Shuttle Launches Form Arctic Clouds
core plexus writes "The Anchorage Daily News is reporting that in late May, researchers reported finding that the shuttle's exhaust, 97 percent of which is water vapor, quickly migrates to the highest reaches of the atmosphere above the Arctic.
There the vapor spreads out about 50 miles high in Earth's mesosphere, just below the thermosphere, the air's highest layer, and settles to form a wispy type of cloud called noctilucent clouds.
The shuttle trails a giant plume of exhaust while rising through the atmosphere, Mike Stevens, the study's lead author, said earlier this summer on Arctic Science Journeys Radio at the University of Alaska Fairbanks.
"You can think of it as essentially a long garden hose that is on the order of (621 miles) long," Stevens said."
So does anyone know why the shuttle launches do this but not the Russian or ESA rockets?
Heh. Maybe this means that the new Earth Paradigm will feature a lack of Ozone.
After reading your link it looks like the Ozone depleating reactions are believed to occur on the surface of polar stratospheric clouds. Even if the Shuttle only produces stratospheric water vapor it is evectively increasing the surface area on which the Ozone depleating chemical reactions can occur.

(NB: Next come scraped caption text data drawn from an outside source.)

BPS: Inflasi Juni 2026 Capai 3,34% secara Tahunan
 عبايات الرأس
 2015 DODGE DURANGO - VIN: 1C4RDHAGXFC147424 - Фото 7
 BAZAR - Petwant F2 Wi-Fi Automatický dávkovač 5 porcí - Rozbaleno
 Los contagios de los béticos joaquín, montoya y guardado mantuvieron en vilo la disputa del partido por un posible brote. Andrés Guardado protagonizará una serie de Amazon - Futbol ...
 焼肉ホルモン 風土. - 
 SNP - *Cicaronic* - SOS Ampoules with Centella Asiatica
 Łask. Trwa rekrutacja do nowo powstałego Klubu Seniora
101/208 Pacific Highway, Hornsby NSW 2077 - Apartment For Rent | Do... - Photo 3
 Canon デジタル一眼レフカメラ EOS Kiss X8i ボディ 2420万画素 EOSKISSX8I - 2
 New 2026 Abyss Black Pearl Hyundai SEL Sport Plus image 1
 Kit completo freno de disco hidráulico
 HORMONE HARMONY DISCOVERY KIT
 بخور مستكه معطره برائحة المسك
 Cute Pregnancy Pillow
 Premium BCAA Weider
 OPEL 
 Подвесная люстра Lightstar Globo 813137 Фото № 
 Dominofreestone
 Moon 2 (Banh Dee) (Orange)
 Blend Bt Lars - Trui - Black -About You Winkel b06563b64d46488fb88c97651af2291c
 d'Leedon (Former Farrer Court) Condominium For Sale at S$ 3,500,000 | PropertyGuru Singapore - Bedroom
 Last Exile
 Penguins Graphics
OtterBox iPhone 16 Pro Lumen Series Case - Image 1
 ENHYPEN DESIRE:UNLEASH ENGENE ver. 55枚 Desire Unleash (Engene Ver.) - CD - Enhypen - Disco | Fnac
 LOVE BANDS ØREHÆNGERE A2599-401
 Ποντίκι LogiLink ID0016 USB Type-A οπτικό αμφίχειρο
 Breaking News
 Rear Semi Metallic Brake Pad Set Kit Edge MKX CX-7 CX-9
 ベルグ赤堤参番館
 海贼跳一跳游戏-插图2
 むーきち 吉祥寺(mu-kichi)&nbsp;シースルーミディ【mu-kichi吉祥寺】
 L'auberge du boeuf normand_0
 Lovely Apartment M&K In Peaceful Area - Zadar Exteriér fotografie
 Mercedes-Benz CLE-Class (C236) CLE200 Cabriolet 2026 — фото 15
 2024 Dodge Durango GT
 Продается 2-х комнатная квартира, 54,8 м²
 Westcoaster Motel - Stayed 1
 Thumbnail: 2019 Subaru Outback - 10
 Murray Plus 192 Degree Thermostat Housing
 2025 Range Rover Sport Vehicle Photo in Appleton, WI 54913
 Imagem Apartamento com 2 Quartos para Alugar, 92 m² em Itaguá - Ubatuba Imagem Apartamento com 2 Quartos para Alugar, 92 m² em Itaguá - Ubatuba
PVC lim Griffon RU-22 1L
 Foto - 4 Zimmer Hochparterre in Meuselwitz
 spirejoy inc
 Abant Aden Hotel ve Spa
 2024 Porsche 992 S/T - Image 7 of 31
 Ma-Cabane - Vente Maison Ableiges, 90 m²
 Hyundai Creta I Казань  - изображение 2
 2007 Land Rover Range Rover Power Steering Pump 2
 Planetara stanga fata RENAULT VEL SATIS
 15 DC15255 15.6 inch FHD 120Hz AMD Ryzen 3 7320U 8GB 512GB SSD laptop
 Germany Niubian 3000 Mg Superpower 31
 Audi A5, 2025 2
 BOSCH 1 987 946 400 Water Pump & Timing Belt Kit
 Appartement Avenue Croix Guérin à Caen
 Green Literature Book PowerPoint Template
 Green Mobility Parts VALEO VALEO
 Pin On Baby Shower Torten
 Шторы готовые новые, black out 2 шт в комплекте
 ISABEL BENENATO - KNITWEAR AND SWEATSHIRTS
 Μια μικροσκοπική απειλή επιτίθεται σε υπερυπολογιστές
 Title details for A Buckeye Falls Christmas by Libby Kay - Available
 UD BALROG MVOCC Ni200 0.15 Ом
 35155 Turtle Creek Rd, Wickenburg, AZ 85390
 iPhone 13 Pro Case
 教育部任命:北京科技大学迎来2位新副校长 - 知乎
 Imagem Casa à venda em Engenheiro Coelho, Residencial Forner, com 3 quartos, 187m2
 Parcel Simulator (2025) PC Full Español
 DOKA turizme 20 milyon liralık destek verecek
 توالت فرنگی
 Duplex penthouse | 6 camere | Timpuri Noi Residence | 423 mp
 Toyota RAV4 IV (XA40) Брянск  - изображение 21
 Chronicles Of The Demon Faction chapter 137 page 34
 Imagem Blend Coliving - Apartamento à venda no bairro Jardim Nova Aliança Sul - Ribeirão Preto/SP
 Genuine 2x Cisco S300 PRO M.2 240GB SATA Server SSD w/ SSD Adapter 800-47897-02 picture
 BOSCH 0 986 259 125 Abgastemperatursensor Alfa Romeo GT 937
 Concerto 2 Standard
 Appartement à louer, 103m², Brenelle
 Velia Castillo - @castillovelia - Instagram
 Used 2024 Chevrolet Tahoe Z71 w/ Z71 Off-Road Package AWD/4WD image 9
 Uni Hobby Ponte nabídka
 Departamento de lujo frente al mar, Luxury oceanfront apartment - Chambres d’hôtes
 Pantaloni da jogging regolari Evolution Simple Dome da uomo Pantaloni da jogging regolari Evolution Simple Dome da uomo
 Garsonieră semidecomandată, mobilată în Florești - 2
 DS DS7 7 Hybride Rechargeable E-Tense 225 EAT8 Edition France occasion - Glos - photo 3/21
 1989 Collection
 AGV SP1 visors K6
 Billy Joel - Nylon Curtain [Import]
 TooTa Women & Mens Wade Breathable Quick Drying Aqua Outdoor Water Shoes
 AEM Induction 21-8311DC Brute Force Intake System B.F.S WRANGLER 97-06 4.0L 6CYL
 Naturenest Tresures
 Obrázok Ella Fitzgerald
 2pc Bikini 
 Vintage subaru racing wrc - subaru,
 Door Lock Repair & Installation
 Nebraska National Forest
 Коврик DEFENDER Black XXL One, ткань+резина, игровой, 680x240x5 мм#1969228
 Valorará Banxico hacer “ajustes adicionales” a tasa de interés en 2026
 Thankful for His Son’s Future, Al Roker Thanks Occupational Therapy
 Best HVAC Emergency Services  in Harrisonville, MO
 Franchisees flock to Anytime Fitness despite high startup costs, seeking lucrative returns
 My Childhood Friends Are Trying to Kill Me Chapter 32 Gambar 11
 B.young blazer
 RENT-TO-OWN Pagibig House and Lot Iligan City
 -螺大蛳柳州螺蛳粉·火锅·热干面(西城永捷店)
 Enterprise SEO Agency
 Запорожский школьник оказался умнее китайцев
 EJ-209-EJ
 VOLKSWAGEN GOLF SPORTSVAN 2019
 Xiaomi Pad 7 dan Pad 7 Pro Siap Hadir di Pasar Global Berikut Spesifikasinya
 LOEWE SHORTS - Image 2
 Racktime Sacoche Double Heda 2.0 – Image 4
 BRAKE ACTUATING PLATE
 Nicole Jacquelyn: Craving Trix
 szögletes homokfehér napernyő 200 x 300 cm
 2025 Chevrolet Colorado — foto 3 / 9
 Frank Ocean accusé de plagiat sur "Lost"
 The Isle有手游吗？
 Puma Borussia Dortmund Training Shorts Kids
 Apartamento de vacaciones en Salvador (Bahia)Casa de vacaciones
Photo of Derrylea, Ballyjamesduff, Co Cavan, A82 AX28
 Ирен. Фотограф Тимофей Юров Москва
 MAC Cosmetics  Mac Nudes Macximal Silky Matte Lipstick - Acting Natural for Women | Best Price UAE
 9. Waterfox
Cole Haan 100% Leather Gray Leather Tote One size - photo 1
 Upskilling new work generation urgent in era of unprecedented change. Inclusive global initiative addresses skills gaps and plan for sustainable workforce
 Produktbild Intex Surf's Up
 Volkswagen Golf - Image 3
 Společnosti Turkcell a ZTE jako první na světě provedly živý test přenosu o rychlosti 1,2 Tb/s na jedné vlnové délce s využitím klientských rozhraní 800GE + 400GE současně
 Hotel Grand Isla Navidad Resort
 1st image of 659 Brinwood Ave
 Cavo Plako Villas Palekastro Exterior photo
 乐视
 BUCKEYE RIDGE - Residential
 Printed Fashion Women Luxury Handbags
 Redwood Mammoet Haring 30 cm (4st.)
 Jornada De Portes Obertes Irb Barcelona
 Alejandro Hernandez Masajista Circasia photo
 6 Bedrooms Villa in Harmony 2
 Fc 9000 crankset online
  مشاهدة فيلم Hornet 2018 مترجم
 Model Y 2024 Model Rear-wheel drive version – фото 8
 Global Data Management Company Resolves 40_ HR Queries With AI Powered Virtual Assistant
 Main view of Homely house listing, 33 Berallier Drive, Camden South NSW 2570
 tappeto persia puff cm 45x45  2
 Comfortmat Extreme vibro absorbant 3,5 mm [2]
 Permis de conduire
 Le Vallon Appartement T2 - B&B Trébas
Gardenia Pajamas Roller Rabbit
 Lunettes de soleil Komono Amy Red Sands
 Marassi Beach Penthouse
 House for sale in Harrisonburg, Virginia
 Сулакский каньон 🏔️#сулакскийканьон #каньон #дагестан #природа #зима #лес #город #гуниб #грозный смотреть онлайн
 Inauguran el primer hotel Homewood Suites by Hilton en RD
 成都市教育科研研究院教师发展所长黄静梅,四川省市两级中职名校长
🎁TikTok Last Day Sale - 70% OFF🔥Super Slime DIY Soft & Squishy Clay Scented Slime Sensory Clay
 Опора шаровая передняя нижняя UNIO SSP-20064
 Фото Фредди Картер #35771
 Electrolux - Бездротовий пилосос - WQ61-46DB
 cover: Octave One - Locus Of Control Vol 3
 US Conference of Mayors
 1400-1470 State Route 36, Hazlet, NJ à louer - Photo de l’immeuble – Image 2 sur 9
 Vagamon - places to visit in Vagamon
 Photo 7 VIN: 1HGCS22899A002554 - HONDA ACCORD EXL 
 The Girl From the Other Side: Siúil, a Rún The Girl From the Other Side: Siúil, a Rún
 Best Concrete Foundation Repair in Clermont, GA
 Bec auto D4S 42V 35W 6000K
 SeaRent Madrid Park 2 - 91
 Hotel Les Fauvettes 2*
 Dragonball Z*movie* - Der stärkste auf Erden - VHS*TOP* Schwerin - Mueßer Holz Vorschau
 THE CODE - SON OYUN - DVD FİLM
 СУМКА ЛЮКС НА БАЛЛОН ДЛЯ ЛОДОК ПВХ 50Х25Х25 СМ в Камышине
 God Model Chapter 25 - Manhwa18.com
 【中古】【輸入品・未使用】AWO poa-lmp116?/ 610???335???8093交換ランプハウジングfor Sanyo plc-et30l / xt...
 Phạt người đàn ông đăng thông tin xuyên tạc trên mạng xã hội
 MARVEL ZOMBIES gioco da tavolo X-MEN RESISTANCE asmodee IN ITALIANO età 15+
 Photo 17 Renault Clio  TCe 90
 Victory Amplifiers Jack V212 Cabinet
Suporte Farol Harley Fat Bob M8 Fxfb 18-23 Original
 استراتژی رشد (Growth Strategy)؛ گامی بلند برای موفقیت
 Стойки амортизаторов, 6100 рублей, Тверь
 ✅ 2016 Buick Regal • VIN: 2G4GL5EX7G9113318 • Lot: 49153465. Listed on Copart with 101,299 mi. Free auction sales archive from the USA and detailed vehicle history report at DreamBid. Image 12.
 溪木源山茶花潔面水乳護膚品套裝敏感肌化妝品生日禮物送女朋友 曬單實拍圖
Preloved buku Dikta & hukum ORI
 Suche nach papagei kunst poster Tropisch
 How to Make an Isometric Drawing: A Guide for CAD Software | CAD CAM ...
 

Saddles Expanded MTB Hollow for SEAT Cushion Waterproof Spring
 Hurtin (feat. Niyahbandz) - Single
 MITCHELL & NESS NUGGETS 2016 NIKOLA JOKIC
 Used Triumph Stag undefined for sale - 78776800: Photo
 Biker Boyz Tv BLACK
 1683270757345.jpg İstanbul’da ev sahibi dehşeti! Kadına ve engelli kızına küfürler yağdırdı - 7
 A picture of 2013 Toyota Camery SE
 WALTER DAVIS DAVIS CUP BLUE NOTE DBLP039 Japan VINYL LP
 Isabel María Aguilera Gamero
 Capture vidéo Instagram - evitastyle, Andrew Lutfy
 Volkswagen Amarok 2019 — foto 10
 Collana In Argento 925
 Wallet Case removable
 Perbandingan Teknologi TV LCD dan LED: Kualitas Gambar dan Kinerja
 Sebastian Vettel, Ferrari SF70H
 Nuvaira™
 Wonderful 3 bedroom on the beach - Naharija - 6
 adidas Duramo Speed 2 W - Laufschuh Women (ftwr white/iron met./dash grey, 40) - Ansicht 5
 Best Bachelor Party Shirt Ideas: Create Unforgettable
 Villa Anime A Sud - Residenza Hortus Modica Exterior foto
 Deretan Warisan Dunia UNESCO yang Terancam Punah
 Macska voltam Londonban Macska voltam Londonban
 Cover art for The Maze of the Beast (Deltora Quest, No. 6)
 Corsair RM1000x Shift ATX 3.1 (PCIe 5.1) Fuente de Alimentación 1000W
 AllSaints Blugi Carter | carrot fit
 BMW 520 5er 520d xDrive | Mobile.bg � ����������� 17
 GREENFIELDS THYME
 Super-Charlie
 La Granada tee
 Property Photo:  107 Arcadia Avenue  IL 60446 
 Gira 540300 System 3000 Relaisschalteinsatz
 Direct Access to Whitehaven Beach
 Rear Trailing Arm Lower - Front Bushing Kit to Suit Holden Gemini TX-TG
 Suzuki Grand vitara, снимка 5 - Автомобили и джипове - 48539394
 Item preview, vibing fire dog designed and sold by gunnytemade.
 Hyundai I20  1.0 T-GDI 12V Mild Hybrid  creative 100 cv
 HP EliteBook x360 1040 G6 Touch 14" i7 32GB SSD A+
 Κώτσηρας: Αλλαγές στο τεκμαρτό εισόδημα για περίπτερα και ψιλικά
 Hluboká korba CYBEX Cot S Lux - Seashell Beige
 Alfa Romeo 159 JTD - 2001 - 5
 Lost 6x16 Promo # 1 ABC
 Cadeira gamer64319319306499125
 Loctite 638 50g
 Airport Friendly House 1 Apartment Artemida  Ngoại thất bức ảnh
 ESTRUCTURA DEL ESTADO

So I was about to foolishly point out that the shuttle clouds are only water vapor. But, that's enough to potentially contribute to Ozone loss even if there's no Chlorine and Bromine pollution. Amazing, something as harmless as water can result in toxic consequences when it's in the wrong place. That's astounding, you'd expect water vapor to be utterly harmless in all situations...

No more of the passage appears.